Communiqué de presse
Valentin Carron
Valentin Carron
Il faut toujours prendre Valentin Carron au mot. Bertrand (2010), une oeuvre en verre laqué, moulée sur ses propres jambes, nous offre un portrait de l’artiste peu flatteur: deux pieds, les orteils décontractés, dans des chaussettes trouées.
Bertrand rappelle en premier lieu d’autres oeuvres plus anciennes (et peu connues en France), où Valentin Carron déclinait des figures d’une masculinité de célibataire triste, comme son improbable glace au tabac, un coupe-ongle en or ou la paire de pantoufle en cuir dimensionnée aux pieds de l’homme le plus grand du monde. Si l’on entend «Bertrand» comme le nom générique du pilier de bar ou du marginal du quartier, son destin médiocre nous renvoie une image à mille lieux des clichés de l’artiste sur-professionnalisé, jeune, riche et bien portant d’aujourd’hui.
Il faut retourner aux années 1980 pour trouver la dernière occurrence de cette formule de l’artiste antisocial, représenté alors comme barbouilleur régressif, alcoolique et de préférence germanique. Sachant que c’est de cette même époque que remonte l’invention du modèle de l’artiste-entrepreneur façon trader, l’image apparemment réactionnaire de Valentin Carron ne serait donc pas tant un constat conservateur que «vache», dans le sens où l’entendait Magritte lorsqu’il peignait en 1948 Jean-Marie, le portrait d’un voleur de poule à la jambe de bois fuyant après un larcin.
Venant de la part d’un artiste qui prétend passer ses journées à reproduire à l’échelle 1/1 «le sujet de son abjection», on aurait tort de douter du sérieux de l’humour âcre de Valentin Carron. Cette ambiguïté perpétuelle, assumée et maîtrisée, entre ce qui pourrait passer pour de l’ironie et ce qui demanderait à être pris, au contraire, au premier degré, est le lieu d’insoumission perpétuel de l’oeuvre.

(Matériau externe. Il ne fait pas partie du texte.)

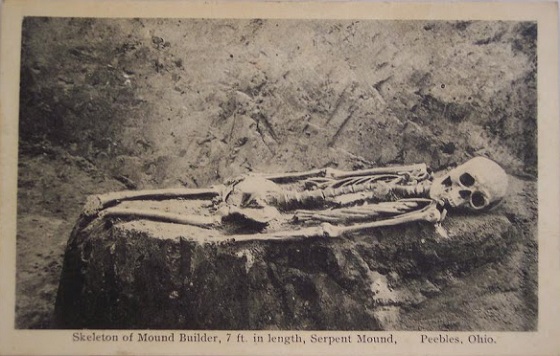 Datei:Skeleton of 7 ft Mound Builder Peebles Co Ohio - ME2.JPG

Une des plus grandes forces du travail de Valentin Carron est sa capacité à concrétiser ces jeux d’équivoques moraux au travers de tensions stylistiques et matérielles propres à l’histoire de la sculpture. Le vernaculaire et le moderne, le fait main et le manufacturé, l’original et la copie, l’académique et l’avant-gardiste, etc. Ainsi, Einhorn (Licorne, 2010) une progression géométrique en quatre éléments inspirée de l’art minimal classique, et exécutée à partir d’un élément décoratif de ferronnerie de villa de classe moyenne.
Sauf qu’ici, ces barres torsadées ne sont clairement pas le produit d’un serrurier mais d’un moulage, tout comme les clous, les vis et la patte de faucon qui servent d’attaches à une série de nouvelles oeuvres sur papier, mi-paysages atmosphériques, mi-abstractions radicales (Sans Titre, 2010). L’oeuvre de Valentin Carron est éminemment non-dialectique, et la tension entre tous les différents termes qui l’a composent n’est jamais complètement résorbée. De fait, les chimères qu’il offre à notre regard ne cessent de nous placer, un peu contre notre gré, dans l’inconfortable position d’arbitre idéologique.